東京外国語大学言語モジュール

078: 接続法 (1) ― 概観

 
(1)
Er sagte, er habe keine Zeit.
彼は時間が無いと言っていた。
 
(2)
Wenn er Zeit hätte, würde er eine Reise durch Deutschland machen.
もしも時間があれば彼はドイツ中を旅行するだろう。
 (1) の habe は haben の接続法1式という形です。また (2) の hätte と würde はそれぞれ haben と werden の接続法2式という形です。動詞の定形には現在形 (例: er hat) と過去形 (例: er hatte) の他に接続法第1式 (例: er habe) と接続法第2式 (例: er hätte) という2つの形があります。
 接続法の用法は大きく3つにまとめられます。
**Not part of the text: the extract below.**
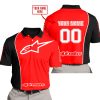 LIMITED EDITION - CUSTOM NAME MOTOCROCSS V2 - ALPINESTARS BLACK RED - POLO SHIRT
それぞれの用法の典型的な意味と,用いられる動詞の形を図式的にまとめると以下のようになります。
 
 用法
 典型的な意味
 動詞の形
 例文
  間接話法
 「~と」(言った)
 接続法第1式または第2式
   (1)
  非現実話法
 「~ならば…だろう」
 接続法第2式
   (2)
  要求話法
 「~であれ/~となれ」
 接続法第1式
 →ステップ85
※接続法に対して,これまで単に現在形や過去形と呼んできた形は,厳密には直説法現在形および直説法過去形と言います。